> **Instructions for the task**
Copy nothing but the lines below, from the one with "Gilded Starfall Multi Size Ring Set - Silver" through the one with "istock Tarmac with", exactly as written; no pictures should appear.
======== Data provided ========
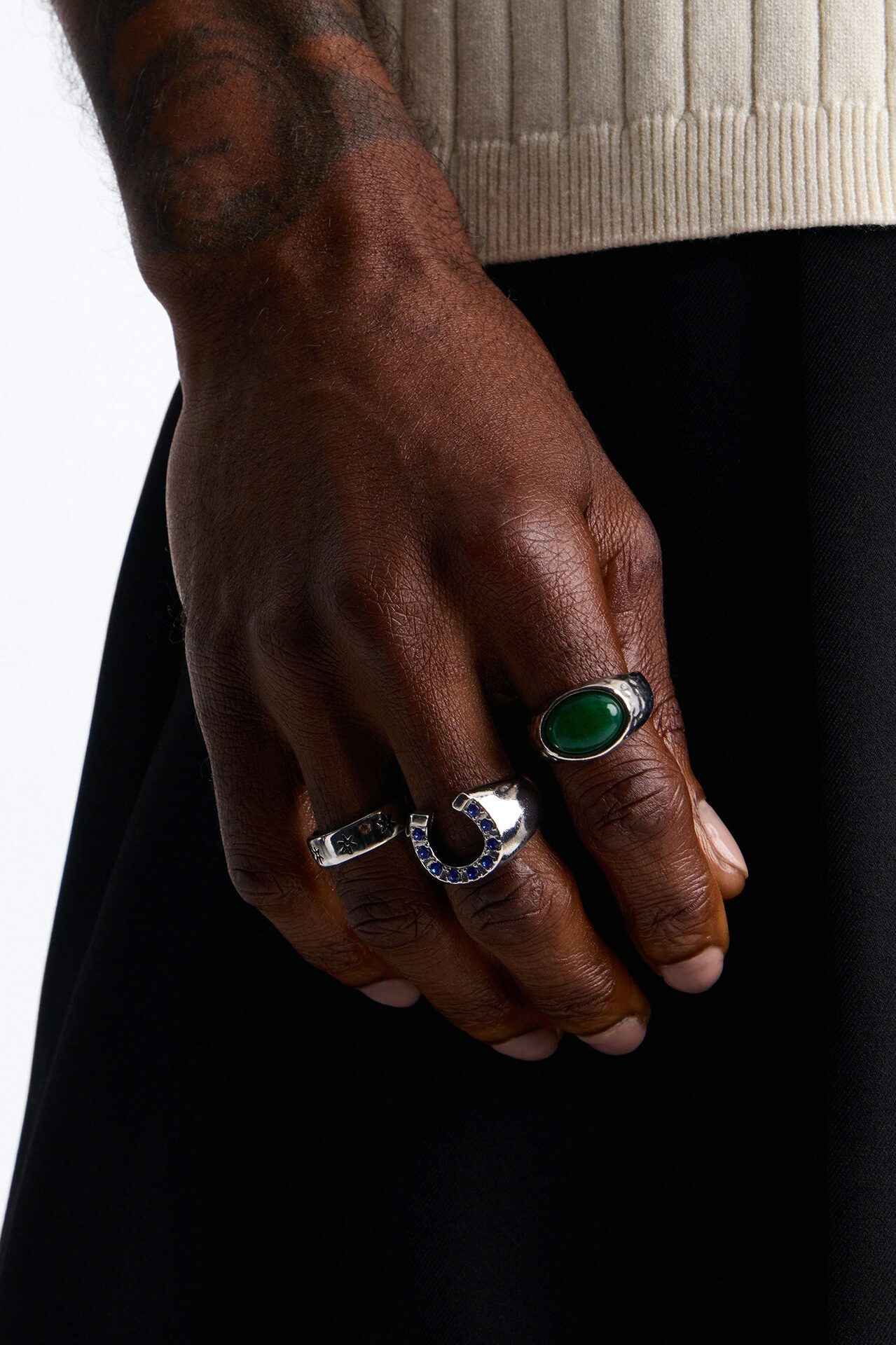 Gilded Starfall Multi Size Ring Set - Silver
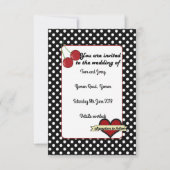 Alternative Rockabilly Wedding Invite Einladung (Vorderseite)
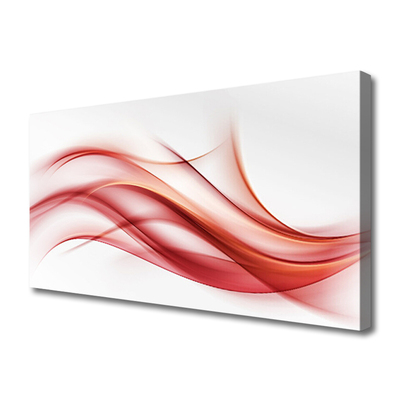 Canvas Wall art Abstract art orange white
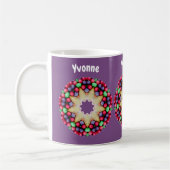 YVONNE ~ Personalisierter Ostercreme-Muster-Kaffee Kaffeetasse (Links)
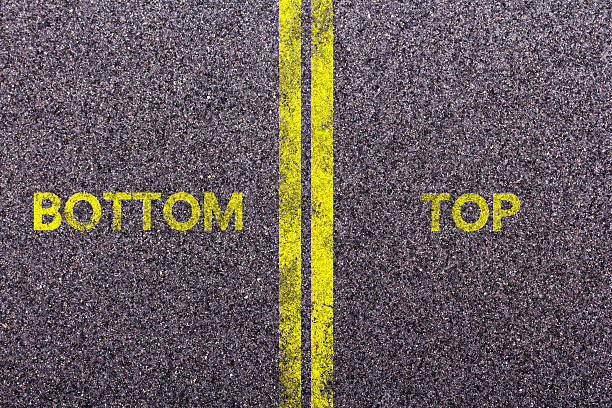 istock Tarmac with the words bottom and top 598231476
========
======== Data provided ========
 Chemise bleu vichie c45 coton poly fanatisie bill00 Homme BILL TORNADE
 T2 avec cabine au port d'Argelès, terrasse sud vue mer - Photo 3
========
> **Output for this task**
 Gilded Starfall Multi Size Ring Set - Silver
 Alternative Rockabilly Wedding Invite Einladung (Vorderseite)
 Canvas Wall art Abstract art orange white
 YVONNE ~ Personalisierter Ostercreme-Muster-Kaffee Kaffeetasse (Links)
 istock Tarmac with the words bottom and top 598231476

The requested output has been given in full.